Le fax du 20 janvier 1997 n'est que l'autorisation de la société Cev Sète d'utiliser son code barre pour des pizzas campagnardes Valais et pour des pizzas fruits de mer Valais. Cette autorisation limitée à deux produits ne peut être étendue comme le fait la société Valais Sodespal à l'ensemble des produits. Ce fax permet seulement de comprendre comment la société Valais Sodespal s'est trouvée en possession de ce code mais c'est abusivement qu'elle l'a utilisé pour des produits autres que ceux prévus.

Ne peuvent être retenues comme suffisamment probantes d'une autorisation, qui aurait été donnée par téléphone, les attestations des salariés de la société Valais Sodespal, d'ailleurs combattues par d'autres attestations de salariés de la société Cev Sète ou d'un ancien salarié licencié de la société Valais Sodespal.

Sur ce point il convient de faire litière de l'argument tiré de l'article 6 §1 de la convention européenne des droits de l'homme et des libertés fondamentales présenté par la société Valais Sodespal, car le droit à un procès équitable vise l'obligation d'un tribunal indépendant et impartial mais non pas, comme tente de le faire accroire la société Valais Sodespal la nécessité absolue d'avoir des témoins ou attestants impartiaux, puisqu'il reste de l'office du juge de peser la valeur des témoignages ou des attestations.

La société Valais Sodespal a bien utilisé le code barre de la société Cev Sète sans autorisation pour des produits feuilleté royal et feuilleté à la brandade.

C'est vainement qu'elle soutient, pour les besoins de la cause, comme l'ont justement noté les premiers juges, qu'il s'agissait en réalité d'échantillons.
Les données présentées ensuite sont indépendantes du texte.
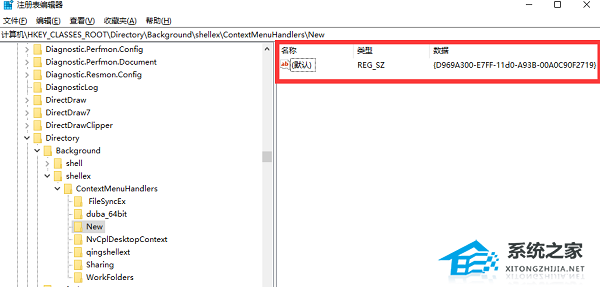 Win10桌面无法新建文件夹解决方法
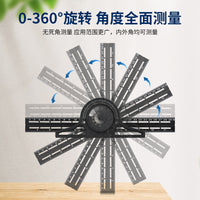 ONKEL.J 0-180 度角度尺组合角度尺游标万能角度尺水平尺木工角度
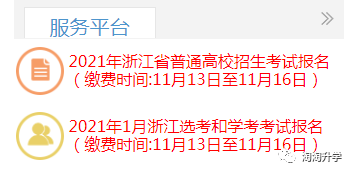 石家庄教育考试信息院_杭州教育考试院地址_山东考试教育招生院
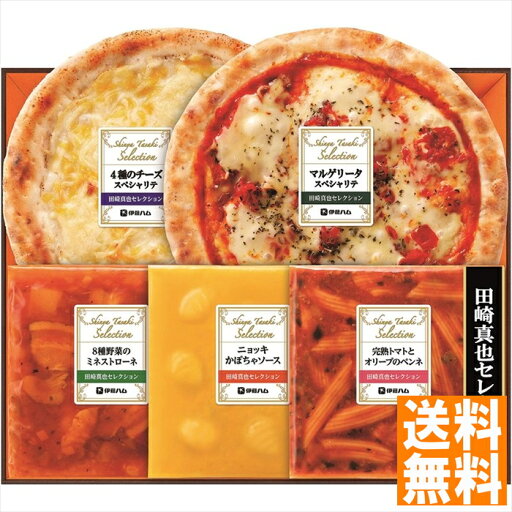 送料無料 伊藤ハム 至福の洋食 田崎真也セレクションギフト YP-38 全国送料無料 御中元ギフト 早割 お中元2025 御見舞 お見舞い お取り寄せ グルメスイーツ 送料無料 伊藤ハム 至福の洋食 田崎真也セレクションギフト YP-38 全国送料無料 御中元ギフト 早割 お中元2025 御見舞 お見舞い お取り寄せ グルメスイーツ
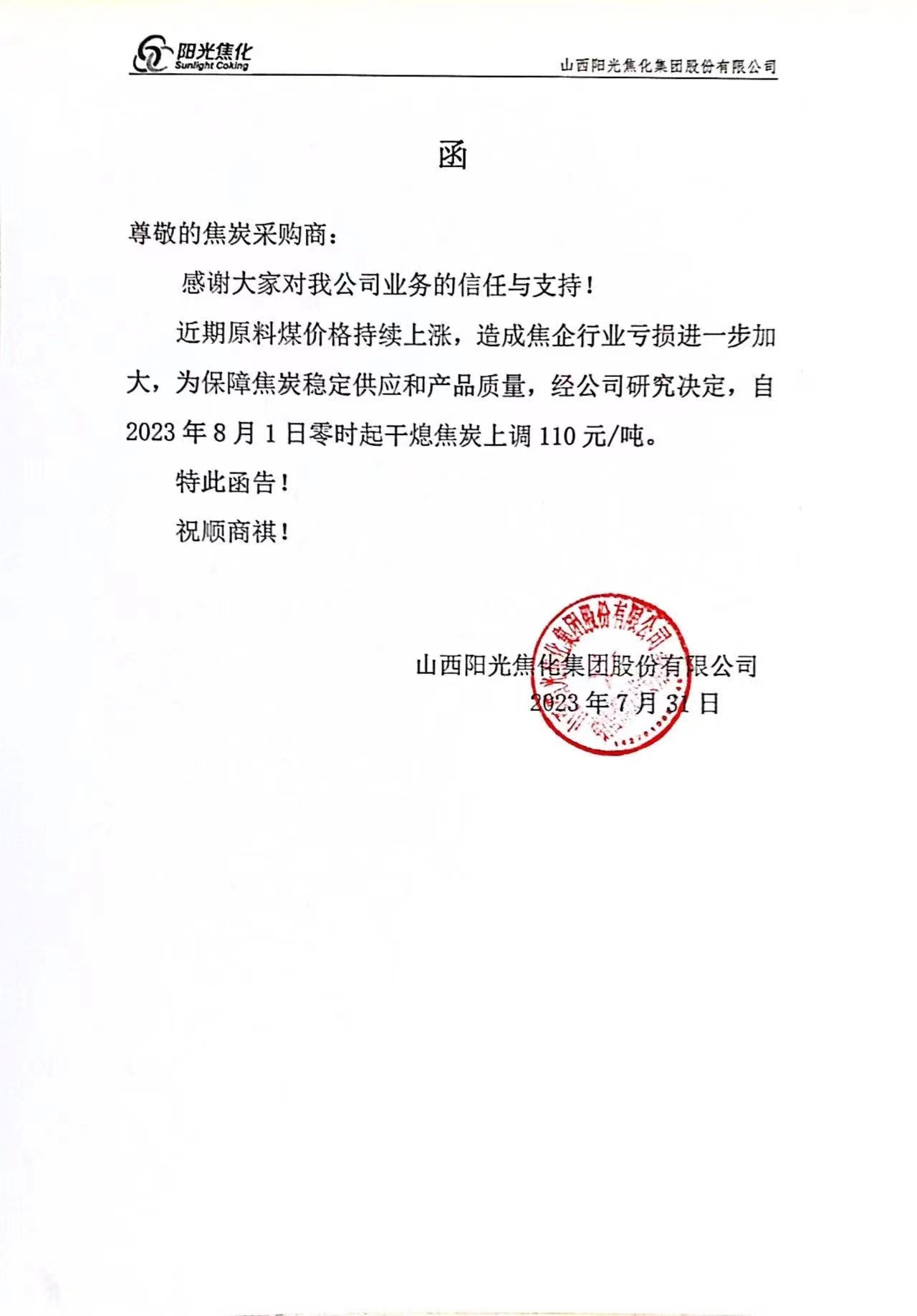 山西阳光焦化集团股份有限公司对焦炭提涨110元/吨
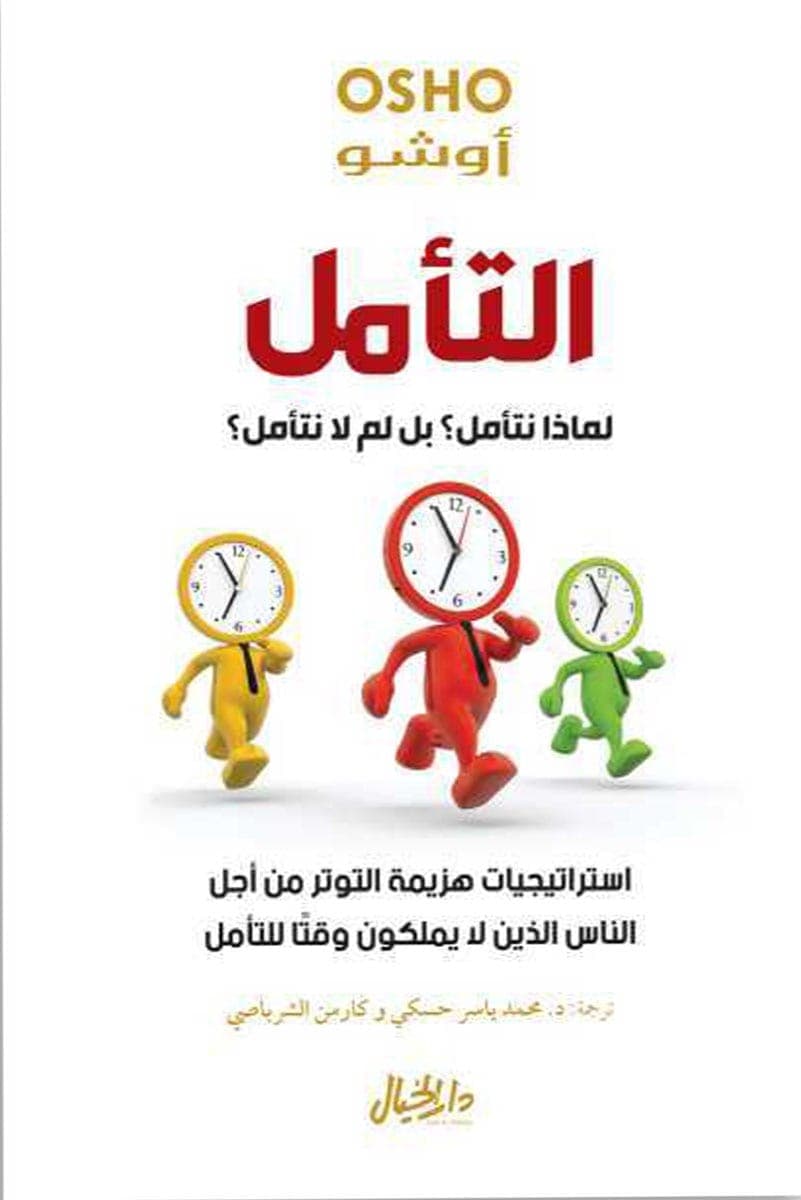 التامل لماذا نتامل بل لم لا نتامل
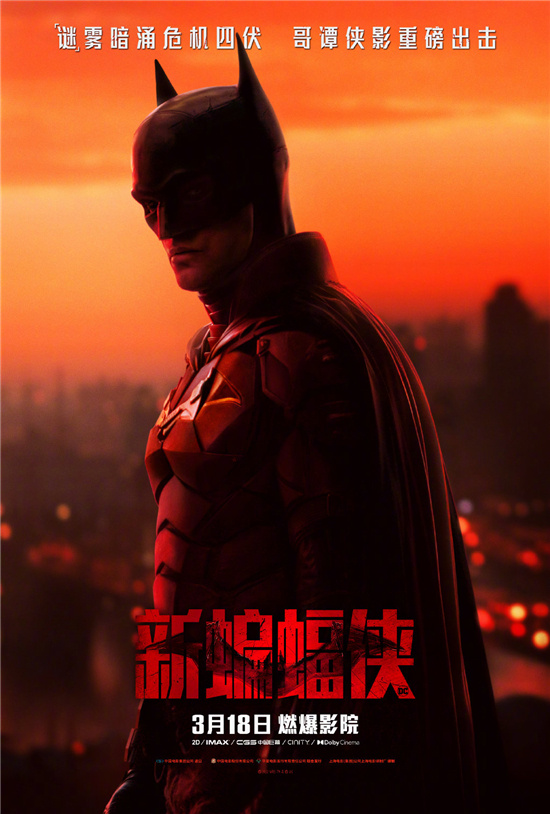 定了!DC全新超英片《新蝙蝠侠》内地3月18日上映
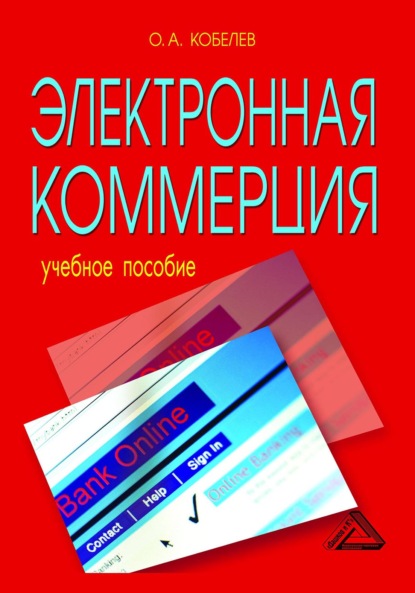 Электронная коммерция - О. А. Кобелев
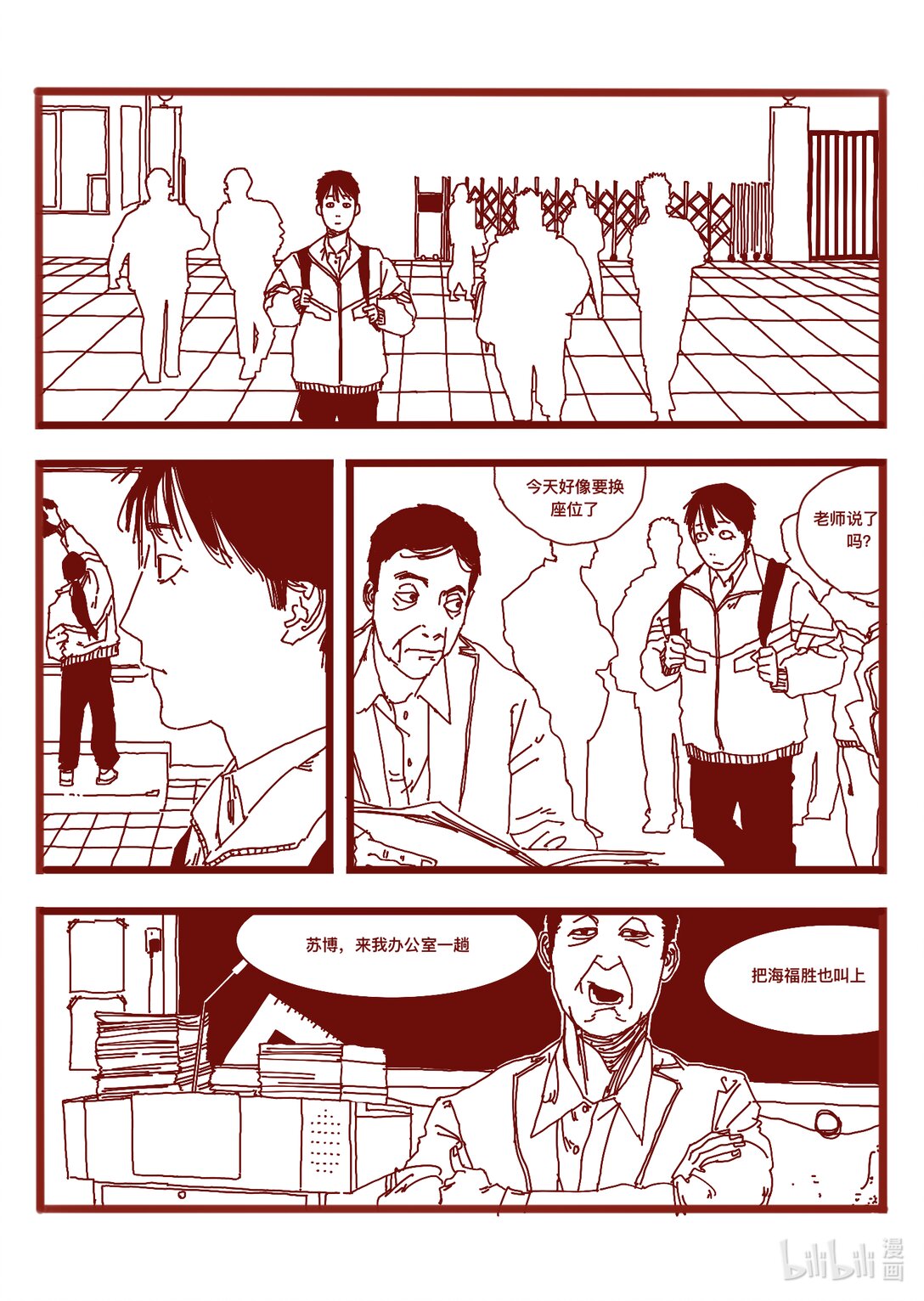 21级联创 仝泽宇《寻找外星人》-第28话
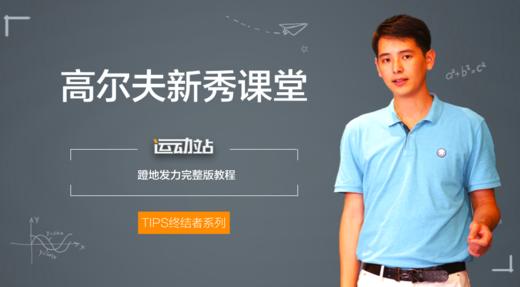 13、腿部运动完全版，你的高球逻辑是不可以跳跃的 商品图0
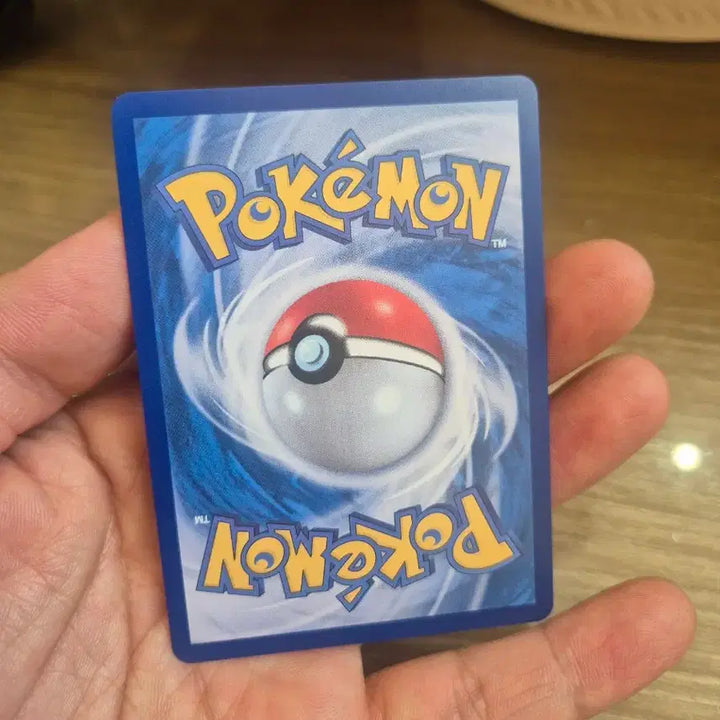 [BUNJANG] Garbyrus AR SV4K Pokémon Card / 가비루사 AR sv4k 포켓몬카드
En effet, cette affirmation n'est nullement démontrée, l'attestation d'un salarié de la société Valais Sodespal, par ailleurs imprécise, ne peut être suffisante, ce d'autant qu'il s'induit des courriers de la société Sodespal des 1er septembre 1998 et 8 septembre 1998 que celle-ci ne connaissait pas les produits feuilletés en cause.

Cette usurpation du code barre de la société Cev Sète et l'utilisation abusive de son nom constituent des fautes engageant la responsabilité de la société Valais Sodespal.

Pour déterminer le montant du préjudice causé par ces agissements à la société Cev Sète les premiers juges ont ordonné une expertise aux frais avancés de la société Valais Sodespal qui n'a pas consigné.

La société Cev Sète fixe à la somme de 76.224 euros le préjudice subi du fait de l'usurpation du nom commercial.

L'usurpation de son nom a créé un préjudice à la société Cev Sète puisqu'elle se voyait associée à la vente de produits qu'elle n'avait pas fabriqué et qui pouvaient porter atteinte à son image commerciale.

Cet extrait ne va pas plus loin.